L’expression ‘lieu saint » pose la question de la relation entre une notion géographique (la localisation) et une notion religieuse (la sainteté).
Extra-terrestre, le divin échappe par principe à la géographie : il n’a pas de lieu ; mais toutes les religions et les mythologies ont, ou ont eu, sur terre, leurs lieux saints ou leurs sites sacrés. En amont de cette distinction qu’il faudra expliciter, s’impose une question fondatrice : d’où procède cette nécessaire territorialisation du divin ?
Ces lieux, parfois communs à plusieurs divinités, ont-ils partout le même statut ? Selon les religions, les mythologies et les époques, les multiples modalités de la territorialisation du divin impliquent des rapports différenciés de l’homme au monde.
La territorialisation du divin
Le lieu saint comme interface entre le divin et l’humain
Les mots saint et sacré ont de fait une signification commune. Le mot saint est traduit de l’hébreu (quados) par hieros en grec, dans la Bible des Septantes (II° s. av. J.C.). Les deux mots ont la même étymologie latine (sancire): ce qui est séparé, délimité, circonscrit, voire interdit (on se déchausse à l’entrée d’un mosquée, Moïse retire une sandale devant le buisson ardent), intouchable (Ouzza est terrassé pour avoir touché à l’Arche d’alliance, Zeus foudroie Sémélé qui le regarde), inviolable (l’église de la Nativité est le refuge ultime des Palestiniens), et même invisible (l’image est au cœur des querelles théologiques). Ce sont là des valeurs éminentes propres au divin, qui le mettent à part de l’homme.

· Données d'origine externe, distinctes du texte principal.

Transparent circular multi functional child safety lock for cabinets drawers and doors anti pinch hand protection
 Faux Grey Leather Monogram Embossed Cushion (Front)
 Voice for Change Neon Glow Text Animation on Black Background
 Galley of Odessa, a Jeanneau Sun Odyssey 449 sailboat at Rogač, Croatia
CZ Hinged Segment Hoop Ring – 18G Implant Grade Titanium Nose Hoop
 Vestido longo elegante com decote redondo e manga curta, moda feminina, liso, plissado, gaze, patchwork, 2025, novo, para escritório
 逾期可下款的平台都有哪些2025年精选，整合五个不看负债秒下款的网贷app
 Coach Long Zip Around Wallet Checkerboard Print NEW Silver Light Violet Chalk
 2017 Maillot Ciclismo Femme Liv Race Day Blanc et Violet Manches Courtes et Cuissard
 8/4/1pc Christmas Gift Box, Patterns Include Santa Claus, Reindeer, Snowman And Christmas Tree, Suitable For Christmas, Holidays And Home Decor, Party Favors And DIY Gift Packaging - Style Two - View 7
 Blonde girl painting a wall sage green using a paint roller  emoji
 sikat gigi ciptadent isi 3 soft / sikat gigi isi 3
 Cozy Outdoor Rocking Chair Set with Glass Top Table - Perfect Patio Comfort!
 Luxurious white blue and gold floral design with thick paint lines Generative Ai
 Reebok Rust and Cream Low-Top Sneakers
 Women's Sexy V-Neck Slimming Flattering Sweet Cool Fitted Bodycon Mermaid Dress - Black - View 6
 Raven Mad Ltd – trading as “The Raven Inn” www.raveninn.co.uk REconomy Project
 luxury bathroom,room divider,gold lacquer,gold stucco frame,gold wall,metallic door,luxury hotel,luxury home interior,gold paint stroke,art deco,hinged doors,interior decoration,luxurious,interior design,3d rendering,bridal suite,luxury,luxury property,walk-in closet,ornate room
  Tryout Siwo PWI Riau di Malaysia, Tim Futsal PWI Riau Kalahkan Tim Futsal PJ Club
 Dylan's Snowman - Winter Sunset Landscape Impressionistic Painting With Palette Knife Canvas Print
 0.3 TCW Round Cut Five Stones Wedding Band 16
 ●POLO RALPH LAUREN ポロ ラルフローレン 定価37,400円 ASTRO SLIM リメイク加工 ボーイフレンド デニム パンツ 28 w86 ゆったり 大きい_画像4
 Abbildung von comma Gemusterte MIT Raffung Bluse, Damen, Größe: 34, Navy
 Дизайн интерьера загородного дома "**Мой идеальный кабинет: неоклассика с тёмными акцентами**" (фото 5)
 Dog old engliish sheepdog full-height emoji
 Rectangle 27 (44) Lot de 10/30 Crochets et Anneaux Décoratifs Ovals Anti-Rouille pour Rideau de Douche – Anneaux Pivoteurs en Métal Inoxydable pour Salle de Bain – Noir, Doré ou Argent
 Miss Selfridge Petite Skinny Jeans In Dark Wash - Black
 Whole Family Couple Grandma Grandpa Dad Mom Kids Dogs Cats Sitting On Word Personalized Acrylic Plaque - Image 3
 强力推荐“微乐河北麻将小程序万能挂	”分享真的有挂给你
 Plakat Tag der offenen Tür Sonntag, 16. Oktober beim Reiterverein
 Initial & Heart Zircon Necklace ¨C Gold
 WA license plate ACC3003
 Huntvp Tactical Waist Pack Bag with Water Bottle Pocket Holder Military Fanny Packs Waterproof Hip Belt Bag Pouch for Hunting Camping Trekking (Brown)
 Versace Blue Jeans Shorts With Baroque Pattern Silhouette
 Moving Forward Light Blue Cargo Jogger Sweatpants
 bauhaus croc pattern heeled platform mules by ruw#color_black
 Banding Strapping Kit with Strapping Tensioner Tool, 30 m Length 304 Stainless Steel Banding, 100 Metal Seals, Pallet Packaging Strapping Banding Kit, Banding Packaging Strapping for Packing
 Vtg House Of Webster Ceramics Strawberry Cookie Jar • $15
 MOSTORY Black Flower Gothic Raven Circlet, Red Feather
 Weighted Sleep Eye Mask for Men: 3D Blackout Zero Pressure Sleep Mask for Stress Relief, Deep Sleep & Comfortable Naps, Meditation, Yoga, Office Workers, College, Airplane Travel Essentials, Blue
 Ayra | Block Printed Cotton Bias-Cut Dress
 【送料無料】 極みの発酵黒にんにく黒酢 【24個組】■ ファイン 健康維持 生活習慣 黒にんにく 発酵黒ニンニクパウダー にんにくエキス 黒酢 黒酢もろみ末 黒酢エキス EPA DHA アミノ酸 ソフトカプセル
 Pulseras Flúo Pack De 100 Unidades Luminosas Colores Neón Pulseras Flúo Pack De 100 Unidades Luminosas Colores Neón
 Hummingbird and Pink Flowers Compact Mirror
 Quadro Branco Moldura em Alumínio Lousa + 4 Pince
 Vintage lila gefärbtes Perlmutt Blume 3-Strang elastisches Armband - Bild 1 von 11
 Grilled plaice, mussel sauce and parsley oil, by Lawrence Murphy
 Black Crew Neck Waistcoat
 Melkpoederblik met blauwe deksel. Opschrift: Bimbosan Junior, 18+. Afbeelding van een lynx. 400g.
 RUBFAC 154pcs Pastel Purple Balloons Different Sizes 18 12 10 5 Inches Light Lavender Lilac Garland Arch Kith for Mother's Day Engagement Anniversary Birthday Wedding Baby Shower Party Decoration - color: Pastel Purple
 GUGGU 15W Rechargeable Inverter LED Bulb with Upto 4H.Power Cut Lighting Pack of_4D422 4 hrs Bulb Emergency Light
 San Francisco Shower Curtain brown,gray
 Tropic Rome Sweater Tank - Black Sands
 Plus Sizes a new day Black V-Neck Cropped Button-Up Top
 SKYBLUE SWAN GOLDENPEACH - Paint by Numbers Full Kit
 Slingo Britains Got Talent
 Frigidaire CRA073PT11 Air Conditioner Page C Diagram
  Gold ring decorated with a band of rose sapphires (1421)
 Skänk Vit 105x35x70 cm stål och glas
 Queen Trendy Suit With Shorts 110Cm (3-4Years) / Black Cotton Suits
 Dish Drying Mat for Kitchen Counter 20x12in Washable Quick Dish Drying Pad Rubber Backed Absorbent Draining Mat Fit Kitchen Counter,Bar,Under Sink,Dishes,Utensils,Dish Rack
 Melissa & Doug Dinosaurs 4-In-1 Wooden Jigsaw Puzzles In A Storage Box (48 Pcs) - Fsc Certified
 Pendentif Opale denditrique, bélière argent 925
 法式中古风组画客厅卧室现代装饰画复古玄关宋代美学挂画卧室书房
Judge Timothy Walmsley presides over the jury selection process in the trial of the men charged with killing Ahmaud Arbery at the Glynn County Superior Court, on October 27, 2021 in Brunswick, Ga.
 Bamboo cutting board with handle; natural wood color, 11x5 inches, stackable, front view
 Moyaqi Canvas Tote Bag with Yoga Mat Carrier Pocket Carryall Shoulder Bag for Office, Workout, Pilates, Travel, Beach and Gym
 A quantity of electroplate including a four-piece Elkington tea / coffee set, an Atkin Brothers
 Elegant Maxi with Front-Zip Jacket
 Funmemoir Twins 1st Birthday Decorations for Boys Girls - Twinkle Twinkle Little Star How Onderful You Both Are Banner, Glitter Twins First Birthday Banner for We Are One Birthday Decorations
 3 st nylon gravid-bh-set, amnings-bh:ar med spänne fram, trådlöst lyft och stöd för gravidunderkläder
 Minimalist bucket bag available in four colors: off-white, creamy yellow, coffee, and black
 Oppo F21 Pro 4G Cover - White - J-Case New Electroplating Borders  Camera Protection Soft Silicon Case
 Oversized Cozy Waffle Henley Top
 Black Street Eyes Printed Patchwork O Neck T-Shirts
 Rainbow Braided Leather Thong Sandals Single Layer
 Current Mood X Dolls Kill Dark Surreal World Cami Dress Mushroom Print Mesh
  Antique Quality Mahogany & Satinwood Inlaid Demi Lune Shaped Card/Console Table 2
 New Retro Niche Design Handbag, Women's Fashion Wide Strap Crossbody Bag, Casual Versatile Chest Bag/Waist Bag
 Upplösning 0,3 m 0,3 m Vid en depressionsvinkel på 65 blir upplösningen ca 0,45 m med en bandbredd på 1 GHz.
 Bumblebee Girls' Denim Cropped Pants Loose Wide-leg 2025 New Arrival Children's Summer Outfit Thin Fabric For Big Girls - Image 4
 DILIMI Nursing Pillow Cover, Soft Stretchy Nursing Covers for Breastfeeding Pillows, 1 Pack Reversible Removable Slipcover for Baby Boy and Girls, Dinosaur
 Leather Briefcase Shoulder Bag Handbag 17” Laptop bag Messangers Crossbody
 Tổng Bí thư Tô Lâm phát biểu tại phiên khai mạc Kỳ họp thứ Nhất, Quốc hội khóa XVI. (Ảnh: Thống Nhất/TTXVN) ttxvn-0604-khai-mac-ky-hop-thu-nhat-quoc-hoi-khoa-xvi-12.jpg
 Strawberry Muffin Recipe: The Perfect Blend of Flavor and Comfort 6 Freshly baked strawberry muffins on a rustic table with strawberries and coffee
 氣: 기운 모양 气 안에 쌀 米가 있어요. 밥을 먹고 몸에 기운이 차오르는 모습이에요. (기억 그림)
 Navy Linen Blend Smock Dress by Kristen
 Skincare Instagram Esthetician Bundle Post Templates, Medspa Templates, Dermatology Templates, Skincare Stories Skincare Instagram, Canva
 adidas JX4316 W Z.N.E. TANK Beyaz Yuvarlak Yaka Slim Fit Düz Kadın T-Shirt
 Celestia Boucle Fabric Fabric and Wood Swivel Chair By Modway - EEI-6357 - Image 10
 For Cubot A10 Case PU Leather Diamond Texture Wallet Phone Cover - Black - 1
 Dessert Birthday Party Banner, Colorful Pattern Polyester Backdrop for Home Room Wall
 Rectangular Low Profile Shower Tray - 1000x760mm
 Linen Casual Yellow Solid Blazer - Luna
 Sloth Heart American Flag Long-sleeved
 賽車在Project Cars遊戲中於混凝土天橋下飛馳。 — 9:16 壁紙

Mais, selon que l’on est croyant ou non, l’homme est créature du divin, ou, à l’inverse, secrète celui-ci : le divin suppose l’homme qu’il a créé ou qui l’a créé. Quel que soit le sens de la relation entre le divin et l’humain, il y a relation : ce qui est séparé de l’homme est aussi lié à lui, et la religion relie les hommes au divin (religare) autant qu’elle les rassemble entre eux (religere). Le lieu saint est peut-être la manifestation terrestre de ce passage, de cette interface entre le clos et l’ouvert, l’interdit et l’accessible, le divin et l’humain, le lieu d’altérité par excellence.